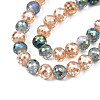 Electroplate Transparent Glass Beads Strands EGLA-N006-042-3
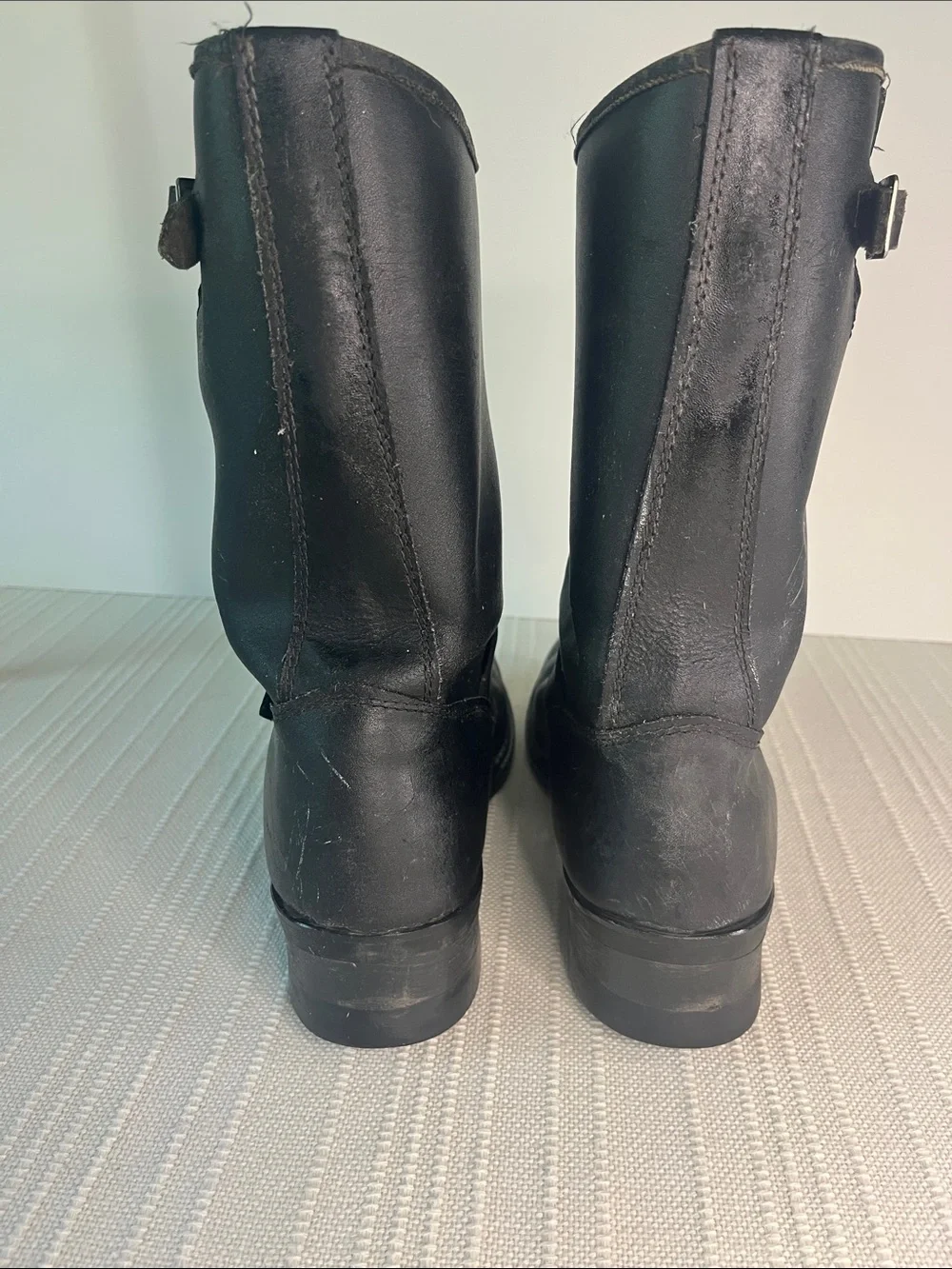 Motorcycle MENS  classic  Black Leather Mid-Calf Engineer Boots, sz 9.5 E wide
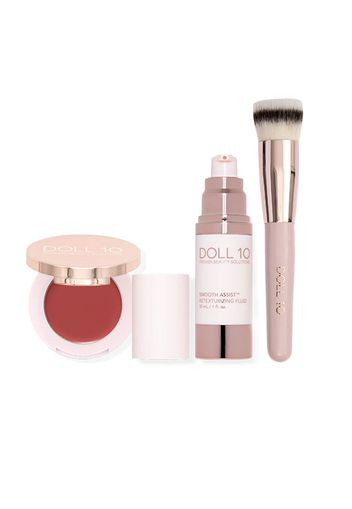 Kit make-up: fondotinta , blush, pennello e pochette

□ □ □ □ □

» **What to work on**: Could the data above be reproduced exactly, with the pictures left out?

» **Result below**:
 Electroplate Transparent Glass Beads Strands EGLA-N006-042-3
 Motorcycle MENS  classic  Black Leather Mid-Calf Engineer Boots, sz 9.5 E wide
 Kit make-up: fondotinta , blush, pennello e pochette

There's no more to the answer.